Morale et Spéculation

Qu’est-ce que la spéculation ? C’est une activité d’anticipation de l’évolution des prix. L’objectif est évidemment d’acheter un certain produit pour le revendre ultérieurement ou inversement de revendre et de le racheter plus tard. Le but est évidemment d'obtenir une plus-value


1. Fonctionnement

La majorité des transactions se font de cette manière et celles-ci se révèlent indispensables au bon fonctionnement des entreprises. Donc la spéculation est essentielle. S’assurer contre les dettes c’est bien ; mais certains ont utilisés les règles du jeu à mauvais escient. Ainsi la spéculation pour gagner de l'argent purement en est une possibilité. Certes cela créé de la liquidité, je dirais même de façon trop liquide. La liquidité est utile aux entreprises quand elles émettent des nouvelles actions/obligations sur le premier marché. Si le second marché est liquide alors les actions pourront partir à un prix raisonnable, ou du moins à un prix attendu à l'entreprise. Si le marché n'est pas liquide, alors les actions vont se "négocier". Ainsi il faut un juste milieu.

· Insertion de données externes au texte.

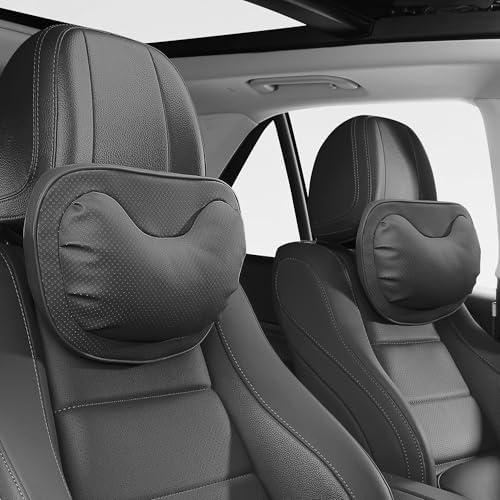 Car Neck Pillow [No More Pressure] Soft Comfortable Premium Leather Headrest with Adjustable Strap – Ergonomic Support for Driving, Office & Gaming, Black, 2 Pack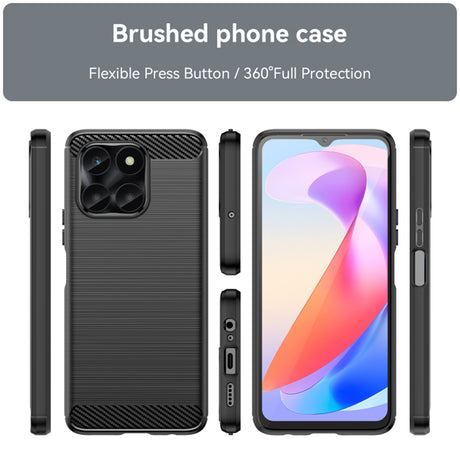 Husa de protectie Techsuit Carbon Silicone compatibil cu Honor X6a, Negru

Globalement, on pourrait évoquer le marché des dérivés et les CDS (Credit Default Swap) qui servent à protéger un créditeur contre le risque de défaut de paiement (ou l'augmentation d'un cours en général, chez les dérivés). Par exemple, si mon débiteur ne peut plus payer, l’assureur contrepartie du CDS va me reprendre la créance à sa valeur initiale et tout faire pour la recouvrer.
Bref ce sont des contrats risqués ; les CDS s’utilisent aussi bien pour se protéger contre le risque de défaut d’une entreprise du CAC40 que pour s’assurer contre le défaut de paiement d’un Etat. Ces CDS sont (malheureusement) cessibles et je vous laisse deviner la suite grâce à (à cause de ?) la titrisation….


2. Théorie
Pour ma part, la spéculation peut être bonne, si elle vise le long terme et un développement durable (bref respecter le principe de prévoyance)…Mes propos peuvent faire sourire quand les actionnaires demandent en général un taux de rentabilité de 15% tout de suite (pas toujours obtenu ou alors compensé par un crédit de l'entreprise pour payer les actionnaires), alors que la croissance mondiale n’est que de 4%...A partir de là, deux possibilités :
  • Soit nous sommes dans une nouvelle économie (où l’économie réelle est différente de l’économie de marché) ; ce que je ne crois pas. Il faudrait, si cette hypothèse se révèle vraie, prendre de plus en plus de risques, les relativiser, développer des mécanismes plus opaques, etc…
  • Soit il va falloir changer. Effectivement s’ils ne font qu’un, on ne pourra pas continuer à réinvestir de moins en moins les profits de l'économie de marché dans l'économie réelle (en passant par des paradis fiscaux au passage) et à les renvoyer dans l'économie de marché.
Évidemment, d'un point de vue globale, certains vont obtenir un retour plus élevé que la croissance globale, et d'autres vont perdre leur mise. En théorie, c'est un jeu à valeur nul ou, du moins, qui ne dépassera pas la croissance globale.
Maintenant, si on regarde l’indice des prix des marchandises depuis un ou deux siècles, on se rend compte que les spéculations excessives existent depuis longtemps et qu’à chaque fois, elles se terminent par une crise. Lorsque je dis excessive cela implique, dès lors trop, que trop de liquidités se trouve en circulation. Or les traders (ou leurs ancêtres) doivent quand même rentabiliser cet argent à un taux suffisamment élevé. Or l’abondance de l’épargne mondiale tue l’épargne en tirant forcément les taux à long terme vers le bas. Comment rentabiliser des capitaux à des taux élevés dans ce cas ? La réponse donnée est d’investir dans tout ce qui ressemble à une bulle liée à des instruments financiers complexes et mal régulés.
Ainsi on peut retrouver cette prise de risque dans la spéculation sur les matières premières, particulièrement ravageuse, comme en 2007-2008. Est ce pour sécuriser les matières premières ? Pas vraiment. Normalement le marché reflète le prix vis-à-vis de la rareté, sauf que pendant la crise, le système a déraillé : il se rabat sur une valeur dite "sure". Mais comme tout le monde essaye de le faire en premier pour gagner de l'argent (ou de moins en perdre), on en arrive à une augmentation incontrôlable des prix et à un décalage de la réalité. J’aurais pu citer la même frénésie dans la spéculation des devises et des taux de change.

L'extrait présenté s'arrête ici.